Run Queries on Codebases with CodeQL

Run Queries on Codebases with CodeQL
2019-11-20 13:58:00 Author: paper.seebug.org(查看原文) 阅读量:590 收藏

Author：w7ay@Knownsec 404 Team
Time: November 20, 2019
Chinese version: https://paper.seebug.org/1078/

QL is an object-oriented query language used to retrieve data from relational database management systems. It supports C/C++, C#, Java, JavaScript, Python and Go.

I have made simple research on finding XSS through JavaScript semantic analysis before, so I have a strong interest in this engine.

Installation

1.Download analyzer program：https://github.com/github/codeql-cli-binaries/releases/latest/download/codeql.zip

The Analyzer program supports the major operating systems such as Windows,Mac and Linux.

2.Download the core library files：https://github.com/Semmle/ql

The library files are open source, and what we're going to do is write QL scripts based on them.

3.Download the latest version of VScode and install the CodeQL extension：https://marketplace.visualstudio.com/items?itemName=GitHub.vscode-codeql

With the extension of vscode, we can easily analyze the code
Then go to the extension center to configure the parameters

Cli to fill in the executable path.
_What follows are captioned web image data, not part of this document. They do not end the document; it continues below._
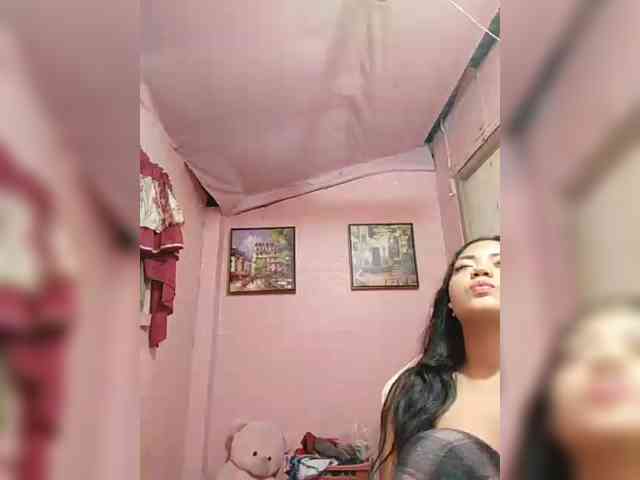 hornylittleprincess69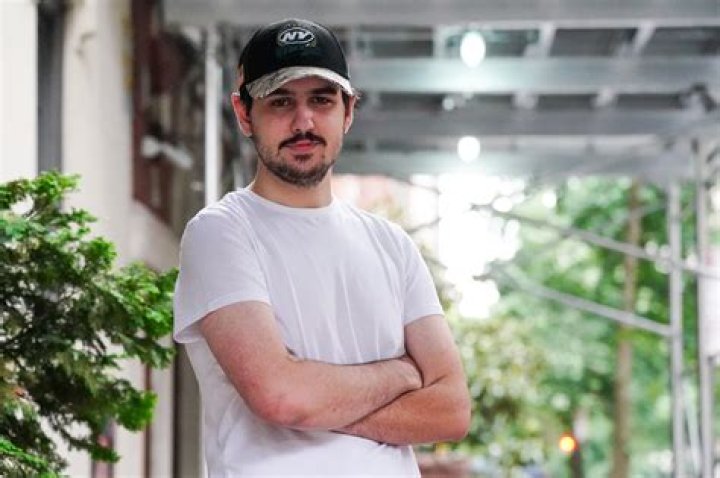 Lauren Weintraub - Trivia, Family, Bio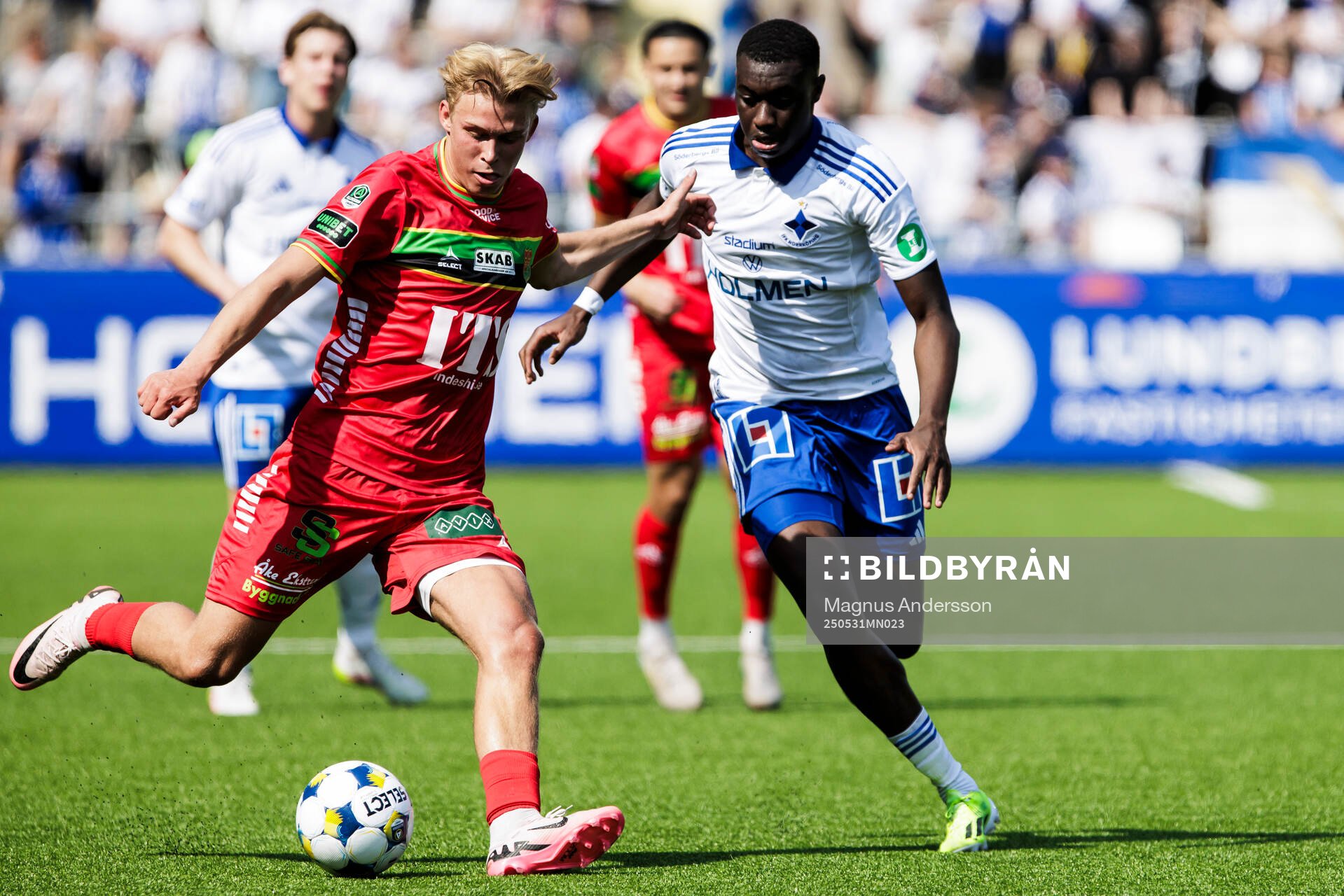 GAISs Rasmus Niklasson Petrovic och IFK Norrköpings Yahya Kalley under fotbollsmatchen i Allsvenskan mellan IFK Norrköping och GAIS den 31 maj 2025 i Norrköping.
Windows can use codeql.cmd
Other options by default

Create A Database

Take JavaScript as an example - to build an analysis database is to analyze the source code. To do this, we have to get to the root directory and run the command codeql database create jstest --language=javascript

Then a folder named 'jstest' will be created in that directory, which is the database folder.

Then open the previously downloaded ql library file with vscode, add the database file into the ql selection folder, and set it as the current database.

Then create a test.ql in the QL/javascript/ QL/ SRC directory for the QL script. Why do we create a file in this directory? Because import javascript cannot be imported when it is tested elsewhere. In this directory, javascript.qll is the base class library.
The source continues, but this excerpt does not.